The Pioneer Homes administrators and nurses have found a way to let veterans who reside at the state-owned assisted living facilities receive the free medicine to which they have a right. The problem first arose in April when it was discovered that Veterans were having to pay for prescription medicine from the Pioneer Homes –although they were entitled to that medicine at no charge from the federal government. The issue was over the Homes’ dosing requirement that did not allow nurses to use medicine sent to them in bulk. The state requirement was based on safety issues.
The state has now re-written its safety protocols, setting requirements for nurses to follow in administering the prescriptions. Pioneer Homes Director David Cote (KOH-tee) says nurses and direct care staff assisted in putting the policy together.

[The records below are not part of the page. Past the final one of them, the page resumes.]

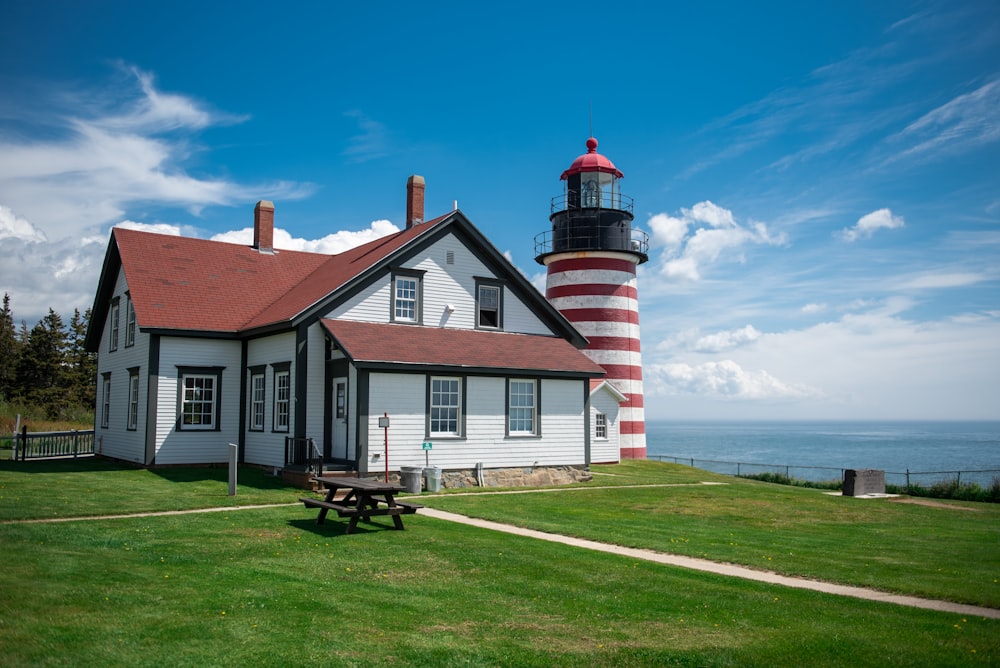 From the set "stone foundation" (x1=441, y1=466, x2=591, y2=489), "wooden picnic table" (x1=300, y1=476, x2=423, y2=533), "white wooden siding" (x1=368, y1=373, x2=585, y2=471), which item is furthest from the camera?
"stone foundation" (x1=441, y1=466, x2=591, y2=489)

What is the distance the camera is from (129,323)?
25.9 metres

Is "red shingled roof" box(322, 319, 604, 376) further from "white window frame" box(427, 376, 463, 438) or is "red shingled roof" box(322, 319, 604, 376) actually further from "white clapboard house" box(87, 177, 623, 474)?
"white window frame" box(427, 376, 463, 438)

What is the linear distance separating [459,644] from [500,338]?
→ 1749 centimetres

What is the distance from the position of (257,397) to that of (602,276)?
14818mm

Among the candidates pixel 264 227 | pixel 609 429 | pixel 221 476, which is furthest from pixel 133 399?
pixel 609 429

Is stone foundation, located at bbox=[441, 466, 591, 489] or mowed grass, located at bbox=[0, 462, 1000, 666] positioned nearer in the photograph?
mowed grass, located at bbox=[0, 462, 1000, 666]

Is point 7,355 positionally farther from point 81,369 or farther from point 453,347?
point 453,347

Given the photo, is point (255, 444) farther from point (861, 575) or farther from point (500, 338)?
point (861, 575)

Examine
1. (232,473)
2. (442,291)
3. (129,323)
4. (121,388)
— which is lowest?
(232,473)

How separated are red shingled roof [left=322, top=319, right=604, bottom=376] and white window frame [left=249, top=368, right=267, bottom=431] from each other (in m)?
3.58

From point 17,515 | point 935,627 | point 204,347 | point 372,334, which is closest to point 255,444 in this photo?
point 204,347

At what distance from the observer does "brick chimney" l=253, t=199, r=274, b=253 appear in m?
28.8

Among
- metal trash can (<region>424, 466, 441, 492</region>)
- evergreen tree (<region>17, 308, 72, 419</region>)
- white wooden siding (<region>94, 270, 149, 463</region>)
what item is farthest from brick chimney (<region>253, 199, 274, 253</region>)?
evergreen tree (<region>17, 308, 72, 419</region>)

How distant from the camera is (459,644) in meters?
7.21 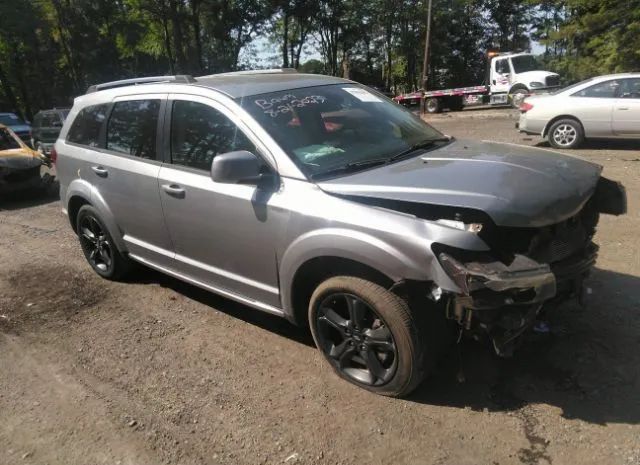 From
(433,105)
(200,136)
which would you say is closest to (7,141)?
(200,136)

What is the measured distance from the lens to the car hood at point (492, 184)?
2.73 meters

The policy and procedure, which basically is step-by-step instructions of what we do from how do we get medications ordered to what do we do when we get medications into the home, to storing them, to administering them to disposing of them. So we went through all aspects of dealing with Veterans’ Administration medications and basically formalized a policy so all nurses in all of the homes – should this spread to other homes – would know how this should be handled. And to be doing it safely.
Cote says there is no additional expense for handling the medication. Nurses, not certified aides, will administer it because of their higher degree of medical experience. He says they are health care professionals who are good at their profession.
For its part, the V-A agreed to communicate better its instructions and information on the medicines.
We wanted to work with the VA to make sure that veteran residents could use their VA benefits and to use them, in this case, obtain medications and have it administered in the safest way possible. So I think we tightened up the process and in the end, the veterans get to use their benefits.
Anchorage Senator Bill Wielechowski was one of those legislators who originally brought the problem forward. He says it’s a good solution that gives the residents back the services they have had in place before.
You had a big clash between the state bureaucracy and the federal bureaucracy, and its two pretty immovable objects. And fortunately, on the state level, we were able to be a bit more nimble and simply go back to the system we had in place and get our bureaucracy more in line with the what the feds are doing. It’s a good solution.
Cote says those veterans who have been paying for their VA-medication will be held harmless. He says they will receive a full refund for the medical charges they have incurred.